Artissima
Artissima 2022
Booth view

On the occasion of Artissima 2022, Renata Fabbri is pleased to present a dialogue between  Matthieu Haberard (Tolose, 1991), Sophie Ko (Tblisi, 1981) and Lulù Nuti (Rome, 1988). Curated as a “triple personal exhibition”, the project includes a selection of unreleased works that compare sculptural language and pictorial medium, exploring their affinities and formal potentialities.

Ranging between heterogeneous expressive languages, the artistic practice of Matthieu Haberard explores the threshold that separates childhood and adulthood. It’s in that limb, ambiguous and full of possibilities, that the artist’s poetics takes shape, in balance between the infant’s gullible imaginary and the ironic representation of reality.

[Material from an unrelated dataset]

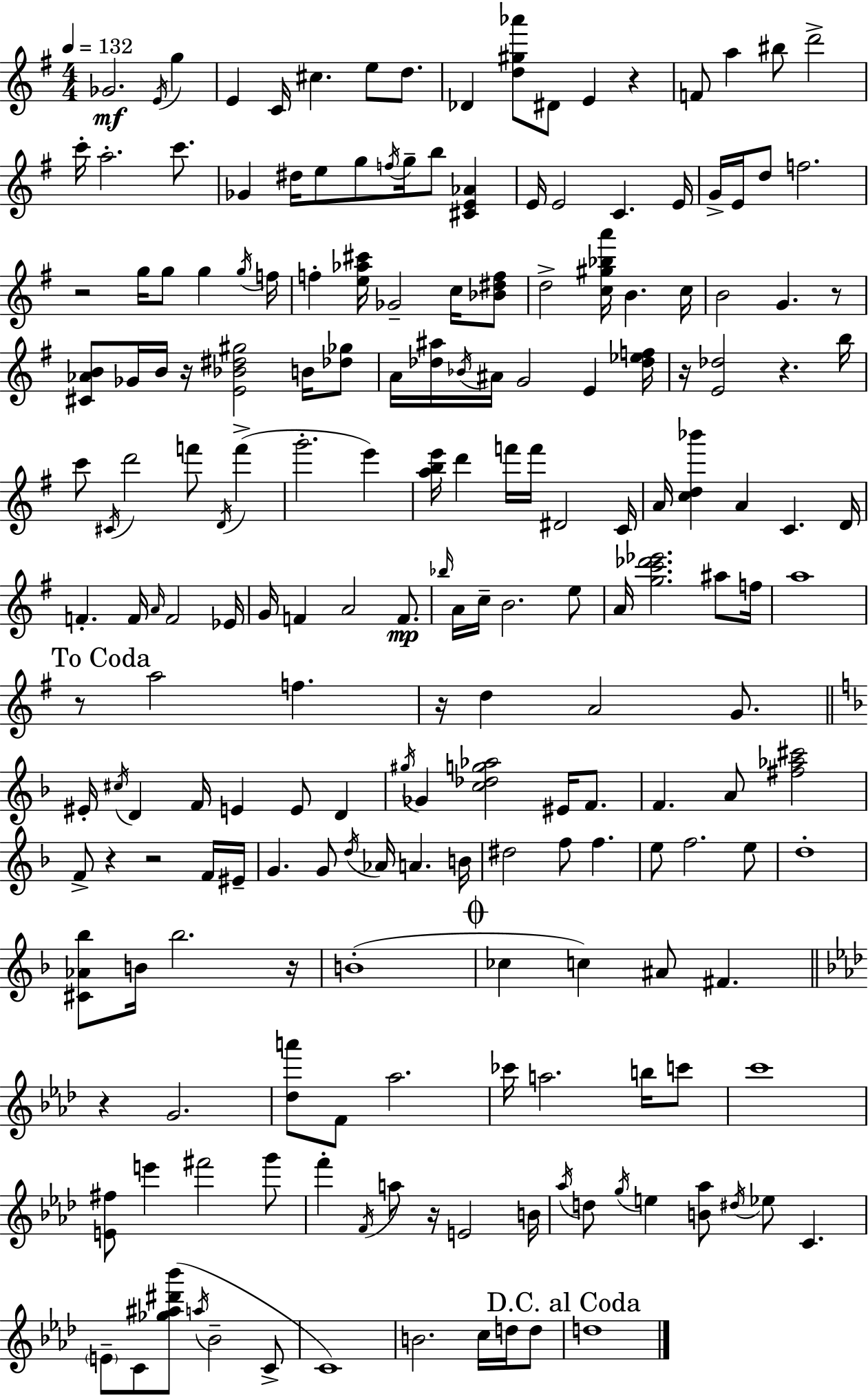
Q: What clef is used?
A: treble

Through his sarcastic glaze, Haberard creates sculptures inspired by the universe of toys and handcrafted, made of recycled materials like wood and cardboard. The sculptures feed on the Medieval imaginary, evoking symbols and iconographies like masks, swords and carefully decorated armour. The artist places art and play on the same level and warns the spectator about violence and war, whether they are physical, political, economical or cultural.

In Sophie Ko’s works, time plays a big role, and it creates a strong symbolic relation between the materials used and the images created. The shift and instability of the materials, related to the passing of time are two key elements in the artist’s artistic research. She uses powder of pure pigment and ashes generated from the burning of famous historical works of art and she creates powerful compositions that are at the same time monumental and fragile. The gravitational force acts on the matter and creates cracks and landslides in the work of art: tangible traces of the invisible passing of time.

Starting from a profound relation with matter, Lulù Nuti creates sculptures and installations that question the concepts of balance, precariousness and change. Her research examines the feelings of responsibility and impotence that our time provokes on human beings and on the relation with nature. The artist’s works are made of ductile and building materials – concrete, chalk, iron, bronze, copper- and are characterized by the unpredictability of the matter, that can generate irregular forms. Nuti’s art evokes ancestral narrations and is presented to the viewer as reconsiderations of the terrestrial globe, inviting him to reflect on new worlds and new ways of being in this world.